- _Exercise aim_:
Every entry below should be written out exactly, and no image should appear.

Provided data Start Marker

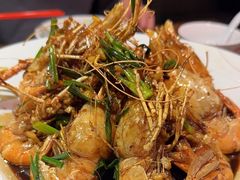 老头油爆明虾-老头儿油爆虾(星光一期店)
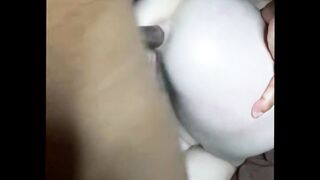 Christi Snow Loves Being Destroyed By BBC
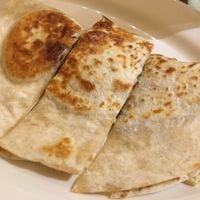 Quesadilla at Simple Joy in Honolulu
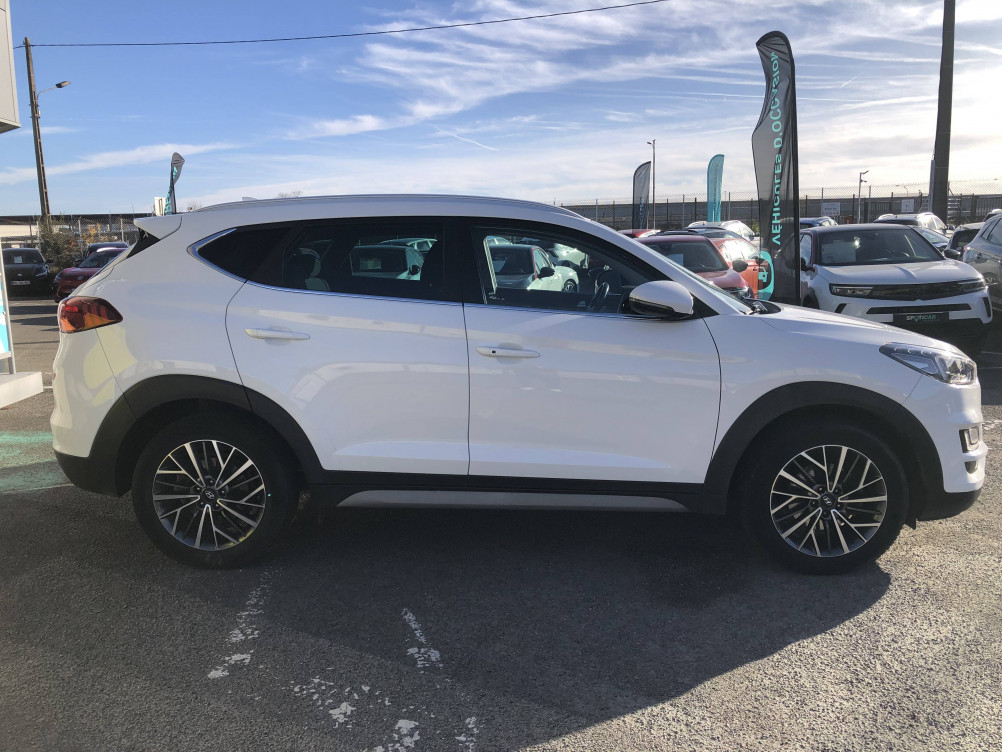 Acheter Hyundai Tucson Tucson 1.6 CRDi 136 DCT-7 Creative 5p occasion dans les concessions du Groupe Faurie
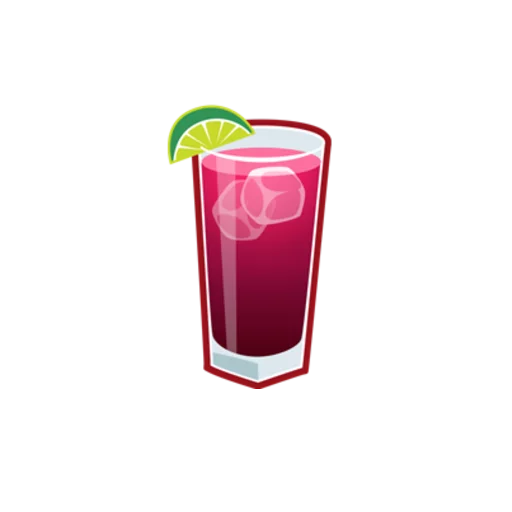 Memo-drinks! stiker 🍹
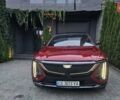 Красный Кадиллак Lyriq, объемом двигателя 0 л и пробегом 3 тыс. км за 53000 $, фото 1 на Automoto.ua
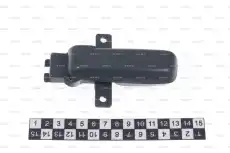 Ручка двери ZEVS AOIZ01237L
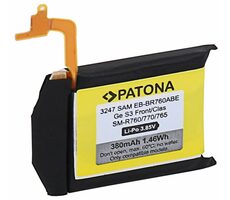 PATONA baterie pro chytré hodinky Samsung Gear S3 380mAh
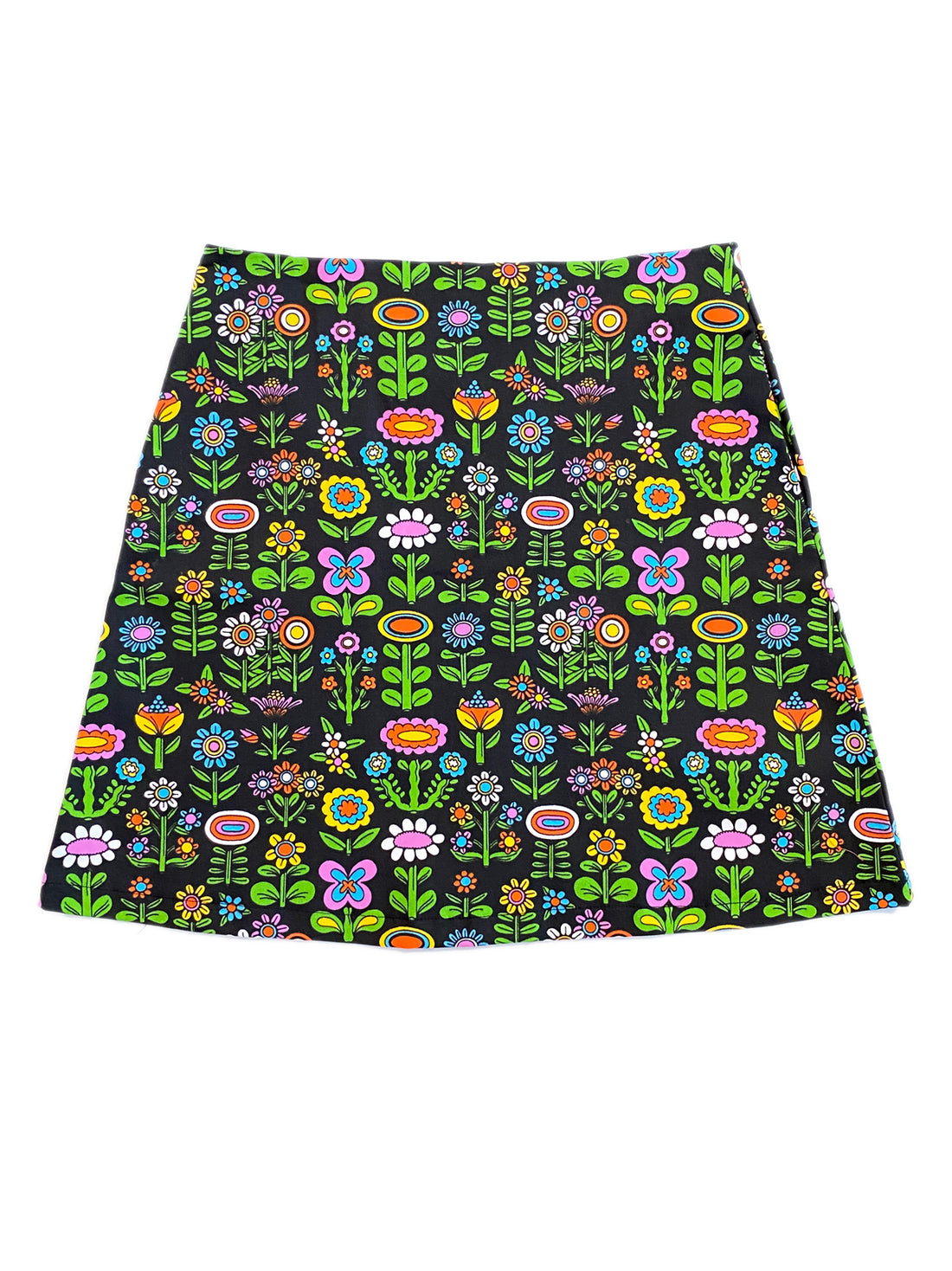 Mini Skirt Awesome Blossoms *last one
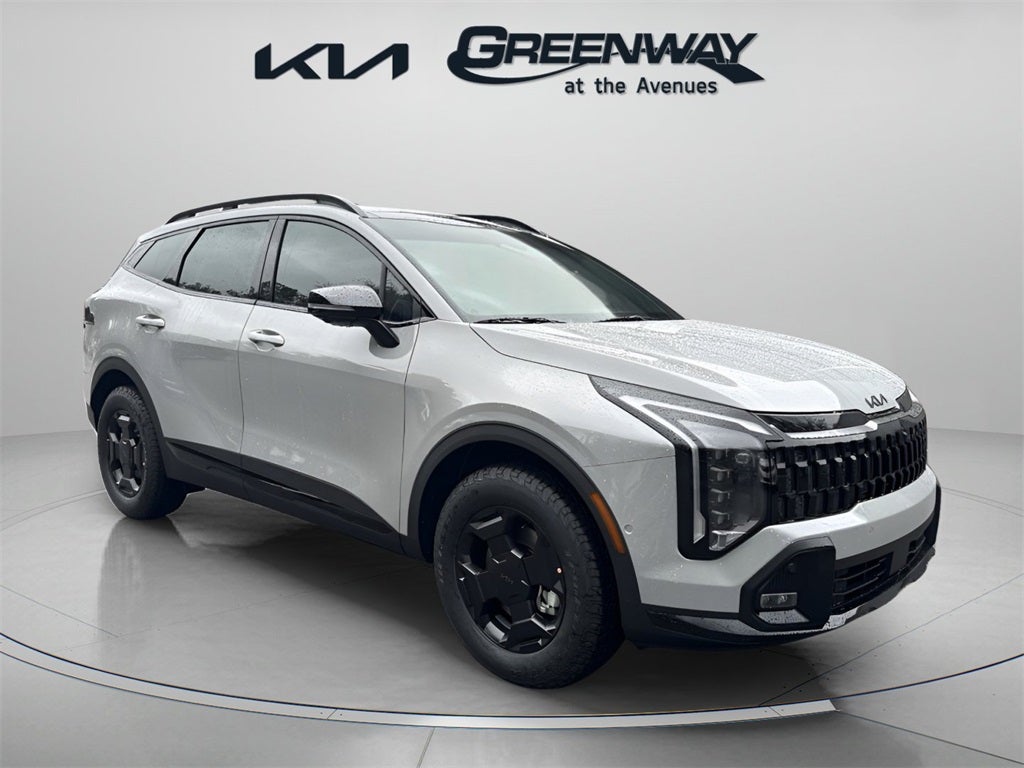 2026 Kia Sportage X-Pro Prestige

Provided data End Marker

- _Finished task_:
 老头油爆明虾-老头儿油爆虾(星光一期店)
 Christi Snow Loves Being Destroyed By BBC
 Quesadilla at Simple Joy in Honolulu
 Acheter Hyundai Tucson Tucson 1.6 CRDi 136 DCT-7 Creative 5p occasion dans les concessions du Groupe Faurie
 Memo-drinks! stiker 🍹
 Красный Кадиллак Lyriq, объемом двигателя 0 л и пробегом 3 тыс. км за 53000 $, фото 1 на Automoto.ua
 Ручка двери ZEVS AOIZ01237L
 PATONA baterie pro chytré hodinky Samsung Gear S3 380mAh
 Mini Skirt Awesome Blossoms *last one
 2026 Kia Sportage X-Pro Prestige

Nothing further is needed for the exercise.